Dataset entries:
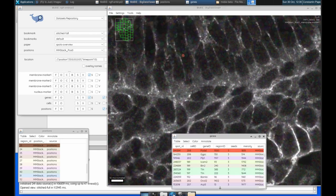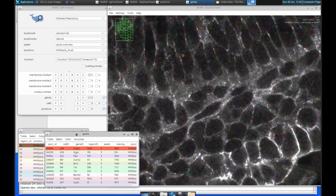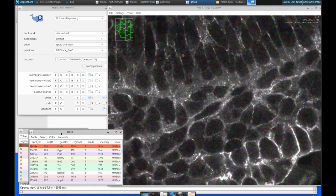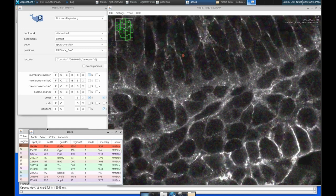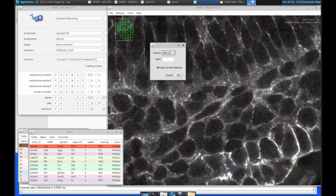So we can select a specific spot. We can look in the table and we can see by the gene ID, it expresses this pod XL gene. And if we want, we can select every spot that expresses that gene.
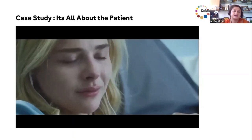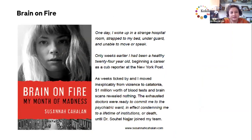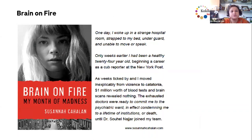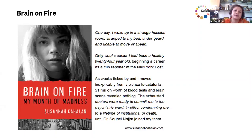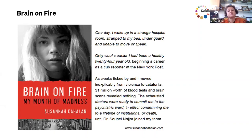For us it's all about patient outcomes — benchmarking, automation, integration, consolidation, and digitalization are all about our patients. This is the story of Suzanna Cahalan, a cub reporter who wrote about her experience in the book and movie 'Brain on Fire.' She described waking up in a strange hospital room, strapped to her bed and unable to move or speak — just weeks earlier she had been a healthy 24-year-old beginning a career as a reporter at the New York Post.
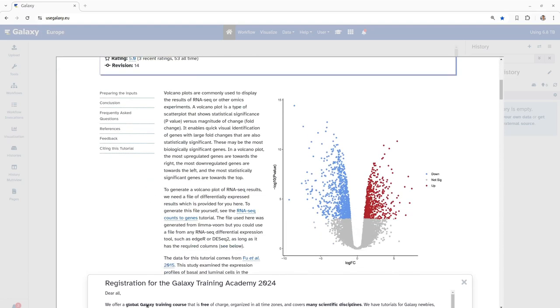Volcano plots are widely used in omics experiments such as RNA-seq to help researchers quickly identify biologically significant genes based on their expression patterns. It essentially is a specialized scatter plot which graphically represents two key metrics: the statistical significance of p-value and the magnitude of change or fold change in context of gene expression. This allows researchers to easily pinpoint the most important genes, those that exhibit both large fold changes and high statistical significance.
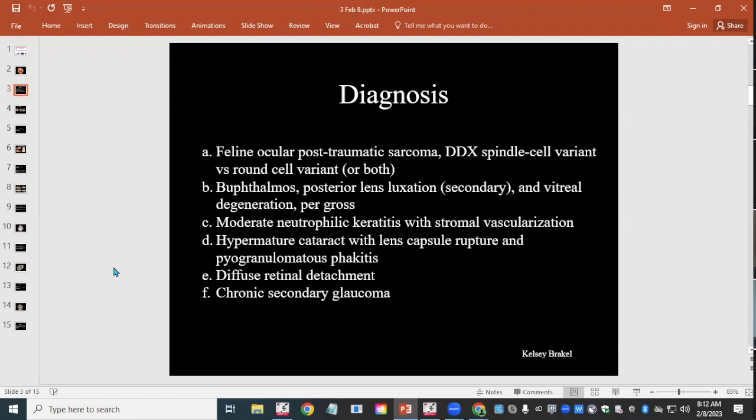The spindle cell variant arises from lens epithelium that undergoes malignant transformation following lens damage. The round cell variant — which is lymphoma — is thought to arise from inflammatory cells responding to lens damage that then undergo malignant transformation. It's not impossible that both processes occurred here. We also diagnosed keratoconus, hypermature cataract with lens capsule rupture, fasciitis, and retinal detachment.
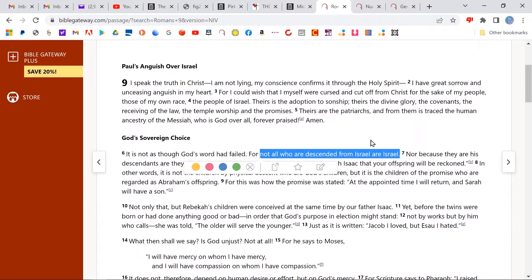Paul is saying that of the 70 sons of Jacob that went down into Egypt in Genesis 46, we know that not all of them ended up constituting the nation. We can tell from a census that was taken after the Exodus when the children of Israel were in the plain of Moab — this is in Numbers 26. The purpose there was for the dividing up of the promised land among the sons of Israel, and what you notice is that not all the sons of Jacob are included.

*Problem to work on:* Copy all the lines of data exactly as they appear, dropping any images.

*Finished task:*
So we can select a specific spot. We can look in the table and we can see by the gene ID, it expresses this pod XL gene. And if we want, we can select every spot that expresses that gene.
For us it's all about patient outcomes — benchmarking, automation, integration, consolidation, and digitalization are all about our patients. This is the story of Suzanna Cahalan, a cub reporter who wrote about her experience in the book and movie 'Brain on Fire.' She described waking up in a strange hospital room, strapped to her bed and unable to move or speak — just weeks earlier she had been a healthy 24-year-old beginning a career as a reporter at the New York Post.
Volcano plots are widely used in omics experiments such as RNA-seq to help researchers quickly identify biologically significant genes based on their expression patterns. It essentially is a specialized scatter plot which graphically represents two key metrics: the statistical significance of p-value and the magnitude of change or fold change in context of gene expression. This allows researchers to easily pinpoint the most important genes, those that exhibit both large fold changes and high statistical significance.
The spindle cell variant arises from lens epithelium that undergoes malignant transformation following lens damage. The round cell variant — which is lymphoma — is thought to arise from inflammatory cells responding to lens damage that then undergo malignant transformation. It's not impossible that both processes occurred here. We also diagnosed keratoconus, hypermature cataract with lens capsule rupture, fasciitis, and retinal detachment.
Paul is saying that of the 70 sons of Jacob that went down into Egypt in Genesis 46, we know that not all of them ended up constituting the nation. We can tell from a census that was taken after the Exodus when the children of Israel were in the plain of Moab — this is in Numbers 26. The purpose there was for the dividing up of the promised land among the sons of Israel, and what you notice is that not all the sons of Jacob are included.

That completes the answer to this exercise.